» **Problem**:
From the line with "Скриншот 6 к" to the line with "Чоловічі Сноубордичні кріплення", output every line below exactly, both ends included. Skip the pictures.

» **Information shown**:
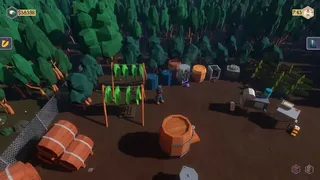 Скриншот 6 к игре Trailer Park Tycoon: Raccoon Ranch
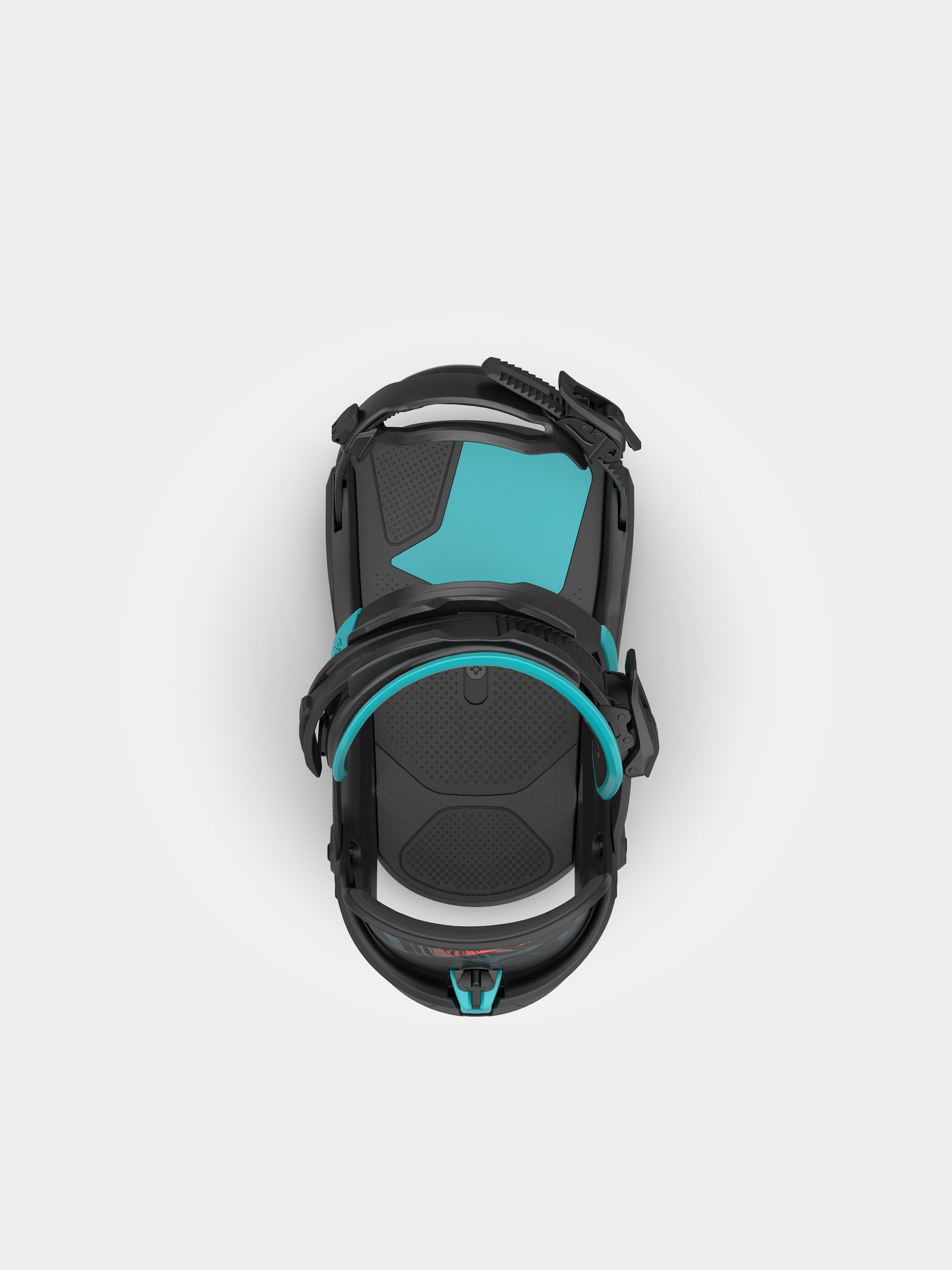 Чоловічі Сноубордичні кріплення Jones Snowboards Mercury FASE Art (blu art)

---

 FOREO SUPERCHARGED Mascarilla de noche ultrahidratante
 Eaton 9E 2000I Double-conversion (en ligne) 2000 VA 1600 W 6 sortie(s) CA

==

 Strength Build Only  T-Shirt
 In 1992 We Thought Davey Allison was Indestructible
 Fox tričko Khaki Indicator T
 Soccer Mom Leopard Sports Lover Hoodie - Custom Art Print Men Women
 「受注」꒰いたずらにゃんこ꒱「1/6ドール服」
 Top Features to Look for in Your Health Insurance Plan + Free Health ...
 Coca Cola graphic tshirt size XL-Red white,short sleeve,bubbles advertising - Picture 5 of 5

» **Result for this exercise**:
 Скриншот 6 к игре Trailer Park Tycoon: Raccoon Ranch
 Чоловічі Сноубордичні кріплення Jones Snowboards Mercury FASE Art (blu art)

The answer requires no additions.